§ **WHAT TO DO**
Include only the line with "スタイリッシュなカーゴパンツ" and the lines after it, each reproduced exactly as it stands in the entries below.

───── RECORDS FOR THIS TASK

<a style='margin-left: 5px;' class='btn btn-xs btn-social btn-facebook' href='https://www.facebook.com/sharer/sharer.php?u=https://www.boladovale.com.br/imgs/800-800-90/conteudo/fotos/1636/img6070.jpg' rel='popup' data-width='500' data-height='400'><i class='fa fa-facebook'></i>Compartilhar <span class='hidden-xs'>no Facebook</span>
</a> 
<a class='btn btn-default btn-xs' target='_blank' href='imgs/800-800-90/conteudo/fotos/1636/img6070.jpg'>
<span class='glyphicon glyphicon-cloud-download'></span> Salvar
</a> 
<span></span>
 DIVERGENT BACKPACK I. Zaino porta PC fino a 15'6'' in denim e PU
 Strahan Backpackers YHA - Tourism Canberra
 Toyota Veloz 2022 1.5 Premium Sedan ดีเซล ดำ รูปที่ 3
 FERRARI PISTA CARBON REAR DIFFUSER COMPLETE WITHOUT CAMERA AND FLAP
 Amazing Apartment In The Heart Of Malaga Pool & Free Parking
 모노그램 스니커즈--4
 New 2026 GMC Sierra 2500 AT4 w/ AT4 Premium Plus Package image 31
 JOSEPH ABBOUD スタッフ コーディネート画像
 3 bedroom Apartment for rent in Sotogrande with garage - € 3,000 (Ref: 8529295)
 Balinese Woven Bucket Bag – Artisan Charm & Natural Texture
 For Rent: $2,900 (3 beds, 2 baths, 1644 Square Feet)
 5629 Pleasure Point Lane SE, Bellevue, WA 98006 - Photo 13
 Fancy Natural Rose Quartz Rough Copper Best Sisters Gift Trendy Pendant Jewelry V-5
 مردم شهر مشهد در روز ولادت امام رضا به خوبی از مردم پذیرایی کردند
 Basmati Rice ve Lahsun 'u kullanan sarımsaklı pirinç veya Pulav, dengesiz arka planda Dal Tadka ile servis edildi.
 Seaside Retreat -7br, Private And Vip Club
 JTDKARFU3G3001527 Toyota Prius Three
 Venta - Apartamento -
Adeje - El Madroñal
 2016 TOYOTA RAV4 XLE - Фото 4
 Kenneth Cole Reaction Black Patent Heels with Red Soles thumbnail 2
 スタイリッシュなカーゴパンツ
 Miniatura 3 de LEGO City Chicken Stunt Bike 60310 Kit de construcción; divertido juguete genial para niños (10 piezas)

──────────

§ **RESULT OF THIS EXERCISE**
 スタイリッシュなカーゴパンツ
 Miniatura 3 de LEGO City Chicken Stunt Bike 60310 Kit de construcción; divertido juguete genial para niños (10 piezas)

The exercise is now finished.